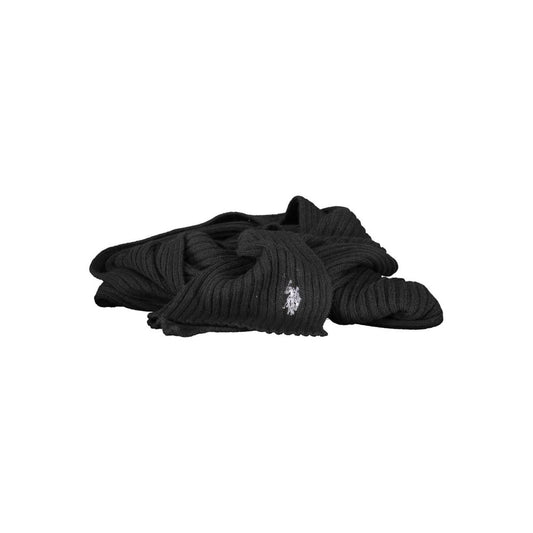 US POLO ASSN. Schwarzer Wollschal
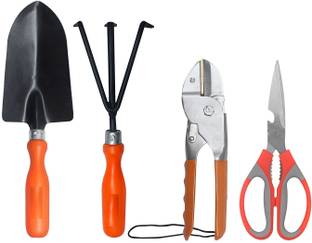 IBEX Gardening Hand Tool Kit 4 Pieces for Home Gardening Garden Tool Kit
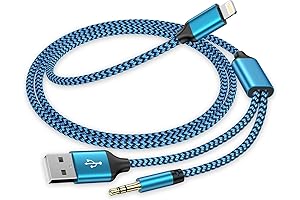 Apple Aux Cord for Car: Premium Lightning to 3.5mm Car Audio Auxiliary Cable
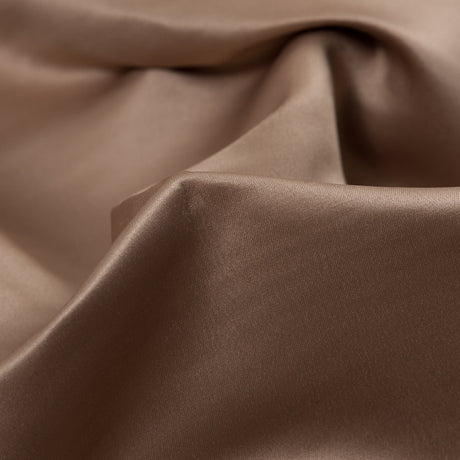 Tan and White Two-Tone Double Duchesse Satin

__REQUIREMENT__: Please set down each line of the data above exactly as written, without the pictures.

__WRITTEN RESPONSE__:
 US POLO ASSN. Schwarzer Wollschal
 IBEX Gardening Hand Tool Kit 4 Pieces for Home Gardening Garden Tool Kit
 Apple Aux Cord for Car: Premium Lightning to 3.5mm Car Audio Auxiliary Cable
 Tan and White Two-Tone Double Duchesse Satin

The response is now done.